The crew manually tripped the reactor. (AR 1873643 - Generator Load Drop)

In addition to the root cause evaluations for each reactor trip, the inspectors reviewed common cause evaluation AR 1858641. This investigation evaluated all four reactor trips to identify any similarities with the reactor trips, and identify additional actions needed to reduce reactor trips. The inspectors reviewed the root and contributing causes as well as the corrective actions taken or planned for all four reactor trips. The inspectors also held discussions with licensee personnel to ensure that the root and contributing causes and the contribution of safety culture components were understood and corrective actions taken or planned were appropriate to address the causes and preclude repetition.

.02 Evaluation of the Inspection Requirements

02.01 Problem Identification a. Determine that the evaluation identifies who (i.e. licensee, self-revealing, or NRC), and under what conditions the issue was identified The inspectors determined that the licensees evaluations of these unplanned reactor trips appropriately determined who and under what conditions the issues were identified.

All four reactor trips were classified as self-revealing events.

b. Determine that the evaluation documents how long the issue existed, and prior opportunities for identification On February 11, 2013, a field operator was sent to hang a clearance on the Unit 3 turbine gland sealing steam spillover control valve CV-3-3725 for maintenance. While executing the clearance the spillover bypass valve 3-90-005 was over throttled creating a flow path for gland steam to condenser. Pressure in the gland steam header was lost and air entered the low pressure turbines through the gland seals. Vacuum in the condenser began to lower and corresponding alarms were received in the control room.

Within approximately five minutes, the condenser low vacuum turbine trip set-point was reached, automatically tripping the turbine and then reactor. The licensee determined that the event was caused by ineffective operational standards. Specifically, the use of a clearance to direct throttling the spillover bypass valve (rather than an operating procedure) was inappropriate. The licensee also determined that operating procedure, 3-NOP-89.01, did not provide adequate direction for bypassing the spillover control valve. The issue was determined to be a self-revealing green finding and was documented in NRC inspection report 05000250/2013004-03 (ADAMS Accession No.

ML13304A619). The licensee determined that there were no prior opportunities for identification.

On February 18, 2013, with the Unit 3 reactor in Mode 1 at approximately 99 percent power, the 3A reactor coolant pump (RCP) No.1 seal leak-off became elevated and erratic. A unit shutdown was commenced on February 18, 2013, at approximately 0055 when seal leak-off increased to 5.5 gpm. At approximately 0130, the reactor was manually tripped at approximately 72 percent power when seal leak-off flow reached 6 gpm. Unit 3 was shutdown to make repairs. During seal inspection and replacement activities, the pump shaft landing where the #1 seal runner sits was found out of tolerance and required repairs. The 3A RCP seal was rebuilt and the unit was returned to service. The licensee determined that there were no prior opportunities for identification.

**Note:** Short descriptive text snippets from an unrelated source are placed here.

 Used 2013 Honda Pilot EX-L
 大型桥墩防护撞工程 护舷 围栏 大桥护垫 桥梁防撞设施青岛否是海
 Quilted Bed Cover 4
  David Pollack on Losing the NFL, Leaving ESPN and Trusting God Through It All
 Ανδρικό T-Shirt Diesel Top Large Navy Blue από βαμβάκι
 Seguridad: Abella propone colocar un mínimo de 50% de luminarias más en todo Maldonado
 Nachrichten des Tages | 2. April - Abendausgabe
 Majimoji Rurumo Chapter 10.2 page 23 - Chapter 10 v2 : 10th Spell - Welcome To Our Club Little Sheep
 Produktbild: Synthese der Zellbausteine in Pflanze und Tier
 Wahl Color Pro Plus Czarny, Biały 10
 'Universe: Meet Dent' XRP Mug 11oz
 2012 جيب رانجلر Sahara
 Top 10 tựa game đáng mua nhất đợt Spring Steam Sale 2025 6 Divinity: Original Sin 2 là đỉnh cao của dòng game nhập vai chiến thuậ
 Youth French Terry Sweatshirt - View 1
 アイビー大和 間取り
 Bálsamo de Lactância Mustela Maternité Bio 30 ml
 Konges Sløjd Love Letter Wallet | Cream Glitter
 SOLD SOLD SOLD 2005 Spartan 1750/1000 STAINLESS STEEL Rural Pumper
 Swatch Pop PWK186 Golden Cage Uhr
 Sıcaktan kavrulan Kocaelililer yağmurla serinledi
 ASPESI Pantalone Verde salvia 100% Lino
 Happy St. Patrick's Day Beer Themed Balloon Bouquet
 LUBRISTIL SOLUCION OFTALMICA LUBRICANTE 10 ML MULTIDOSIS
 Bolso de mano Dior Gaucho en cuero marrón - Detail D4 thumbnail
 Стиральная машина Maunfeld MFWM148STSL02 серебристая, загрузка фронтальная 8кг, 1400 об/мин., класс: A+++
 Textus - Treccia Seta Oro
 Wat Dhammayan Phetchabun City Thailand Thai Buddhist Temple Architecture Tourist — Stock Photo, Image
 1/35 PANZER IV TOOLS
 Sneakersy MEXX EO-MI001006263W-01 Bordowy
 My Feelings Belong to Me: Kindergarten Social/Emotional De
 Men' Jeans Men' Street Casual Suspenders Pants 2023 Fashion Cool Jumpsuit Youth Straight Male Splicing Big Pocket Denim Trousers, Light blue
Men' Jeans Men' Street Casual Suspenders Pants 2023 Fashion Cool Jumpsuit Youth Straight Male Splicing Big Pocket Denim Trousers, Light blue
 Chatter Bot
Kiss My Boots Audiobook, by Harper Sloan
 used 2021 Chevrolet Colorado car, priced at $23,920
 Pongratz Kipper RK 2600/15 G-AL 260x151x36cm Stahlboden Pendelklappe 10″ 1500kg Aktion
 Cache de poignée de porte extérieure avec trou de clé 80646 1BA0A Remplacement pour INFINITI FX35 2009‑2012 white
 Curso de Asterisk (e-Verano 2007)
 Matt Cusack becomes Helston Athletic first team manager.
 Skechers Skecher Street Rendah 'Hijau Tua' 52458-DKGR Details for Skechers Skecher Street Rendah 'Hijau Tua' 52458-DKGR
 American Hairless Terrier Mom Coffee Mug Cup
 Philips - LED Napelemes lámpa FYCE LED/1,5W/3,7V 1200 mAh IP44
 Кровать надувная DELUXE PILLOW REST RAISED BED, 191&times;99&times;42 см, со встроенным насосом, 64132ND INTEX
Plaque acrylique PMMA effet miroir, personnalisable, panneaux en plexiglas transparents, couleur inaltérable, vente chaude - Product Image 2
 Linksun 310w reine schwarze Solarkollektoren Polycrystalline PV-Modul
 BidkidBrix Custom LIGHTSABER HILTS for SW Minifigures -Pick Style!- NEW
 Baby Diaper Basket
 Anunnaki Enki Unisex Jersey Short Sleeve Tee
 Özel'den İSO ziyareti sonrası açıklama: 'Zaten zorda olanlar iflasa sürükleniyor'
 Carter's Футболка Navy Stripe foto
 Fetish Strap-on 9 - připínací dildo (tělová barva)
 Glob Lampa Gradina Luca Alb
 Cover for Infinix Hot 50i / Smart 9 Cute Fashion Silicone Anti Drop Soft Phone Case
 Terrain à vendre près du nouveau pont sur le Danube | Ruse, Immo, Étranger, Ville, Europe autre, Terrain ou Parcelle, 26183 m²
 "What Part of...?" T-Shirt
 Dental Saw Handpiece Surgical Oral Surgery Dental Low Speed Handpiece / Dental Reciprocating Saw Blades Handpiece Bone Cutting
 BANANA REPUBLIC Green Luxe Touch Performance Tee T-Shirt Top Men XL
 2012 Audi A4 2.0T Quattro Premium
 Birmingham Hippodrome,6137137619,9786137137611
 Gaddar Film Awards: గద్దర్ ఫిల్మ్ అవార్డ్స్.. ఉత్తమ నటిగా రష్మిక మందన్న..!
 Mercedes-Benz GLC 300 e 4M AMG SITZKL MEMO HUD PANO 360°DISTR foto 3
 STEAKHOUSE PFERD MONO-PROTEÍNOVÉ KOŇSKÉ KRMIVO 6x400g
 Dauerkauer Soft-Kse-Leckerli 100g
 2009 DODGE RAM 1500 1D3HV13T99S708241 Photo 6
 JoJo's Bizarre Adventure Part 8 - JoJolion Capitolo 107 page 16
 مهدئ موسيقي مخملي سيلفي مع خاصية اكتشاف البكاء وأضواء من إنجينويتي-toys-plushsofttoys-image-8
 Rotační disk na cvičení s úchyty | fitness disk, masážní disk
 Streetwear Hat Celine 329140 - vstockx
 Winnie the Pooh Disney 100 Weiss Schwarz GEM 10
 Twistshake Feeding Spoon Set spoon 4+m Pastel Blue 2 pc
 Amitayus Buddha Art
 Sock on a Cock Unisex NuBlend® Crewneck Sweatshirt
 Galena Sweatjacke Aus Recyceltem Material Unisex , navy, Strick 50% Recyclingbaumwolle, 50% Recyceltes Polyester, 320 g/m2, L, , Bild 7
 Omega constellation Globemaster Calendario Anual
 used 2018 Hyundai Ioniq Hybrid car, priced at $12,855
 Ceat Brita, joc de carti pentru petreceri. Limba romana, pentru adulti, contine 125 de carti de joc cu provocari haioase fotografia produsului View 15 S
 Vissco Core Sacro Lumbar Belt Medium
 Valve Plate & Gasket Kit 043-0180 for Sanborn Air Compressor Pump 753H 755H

On March 12, 2013, at approximately 1431, Unit 3 experienced an automatic reactor trip from approximately 3 percent power. The turbine was offline and undergoing testing following # 3 turbine control valve (TCV) position indication repair. Post-maintenance testing and calibration was being performed on the newly installed valve position indicator while the # 3 control valve was incrementally exercised from fully closed to fully open. During the final checks of the testing, the #3 TCV was being opened from full closed to full open when turbine first stage pressure on pressure transmitter (PT) 3-477 spiked high causing indicated turbine power to exceed the P-7 set point (10 percent power) which enabled the At Power Trips on the reactor protection system (RPS).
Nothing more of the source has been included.